* **SUPPLIED INFORMATION**:
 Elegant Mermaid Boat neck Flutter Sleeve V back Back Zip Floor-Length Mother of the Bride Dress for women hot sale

* * *

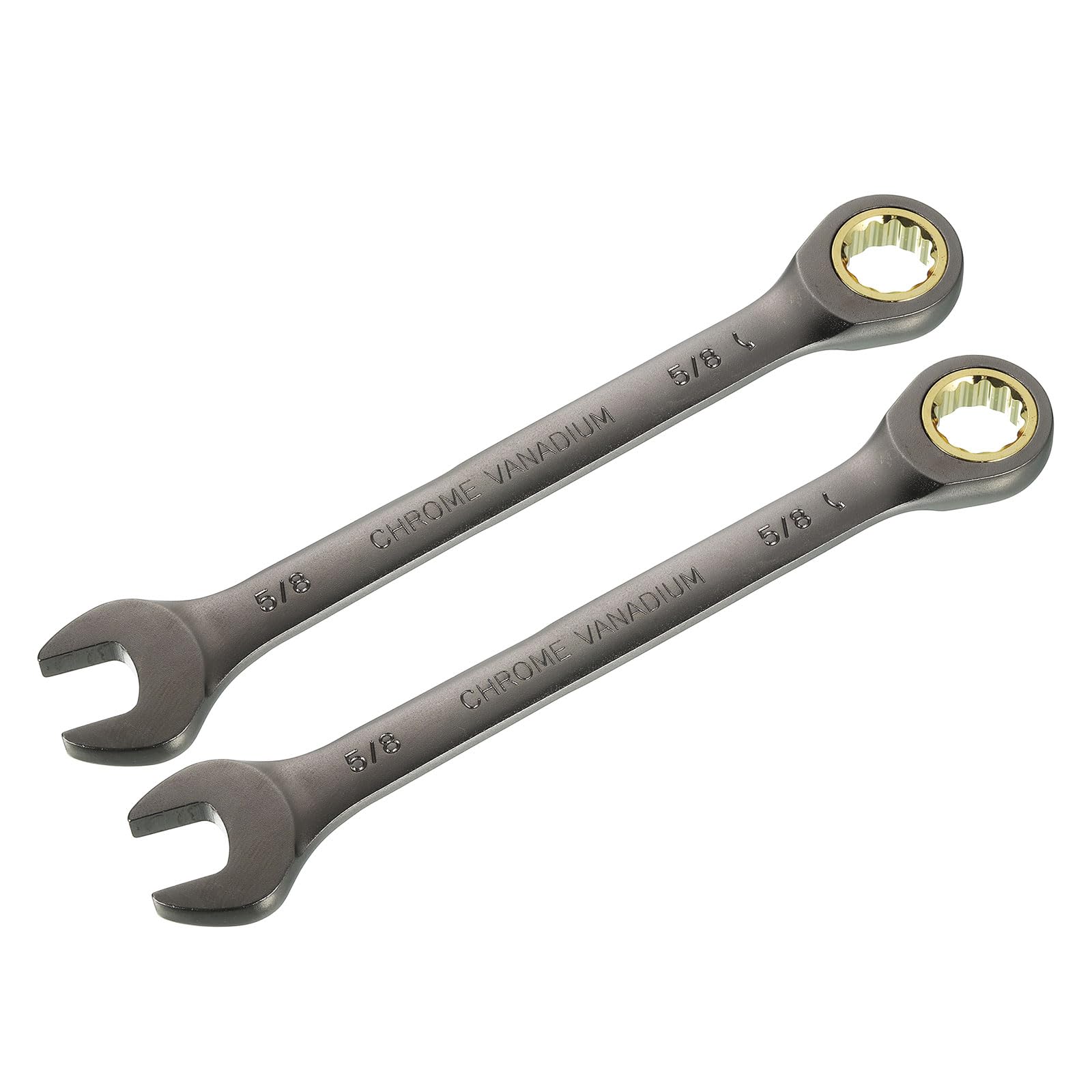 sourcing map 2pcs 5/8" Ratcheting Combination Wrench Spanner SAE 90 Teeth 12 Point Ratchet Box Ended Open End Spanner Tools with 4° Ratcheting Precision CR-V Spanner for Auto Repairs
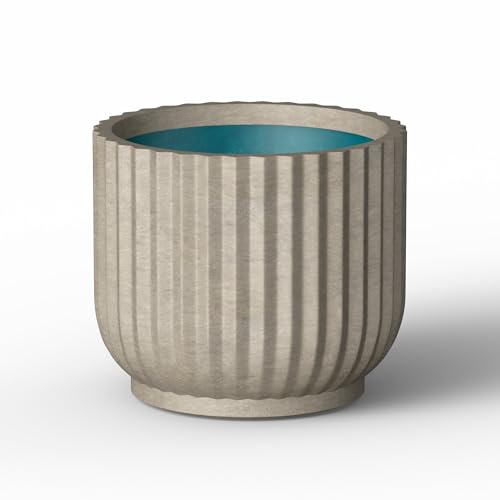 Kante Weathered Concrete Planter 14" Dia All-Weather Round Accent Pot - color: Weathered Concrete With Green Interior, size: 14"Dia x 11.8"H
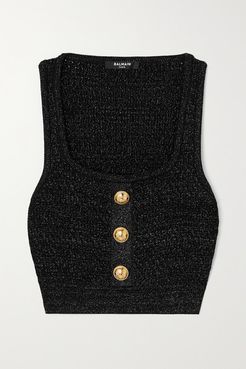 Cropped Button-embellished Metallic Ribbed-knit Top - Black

* **PROBLEM DESCRIPTION**: Set down again, word for word, every line from the one with "Kante Weathered Concrete" to the one with "Cropped Button-embellished Metallic" in the entries above, and omit the pictures.

* **RESPONSE**:
 Kante Weathered Concrete Planter 14" Dia All-Weather Round Accent Pot - color: Weathered Concrete With Green Interior, size: 14"Dia x 11.8"H
 Cropped Button-embellished Metallic Ribbed-knit Top - Black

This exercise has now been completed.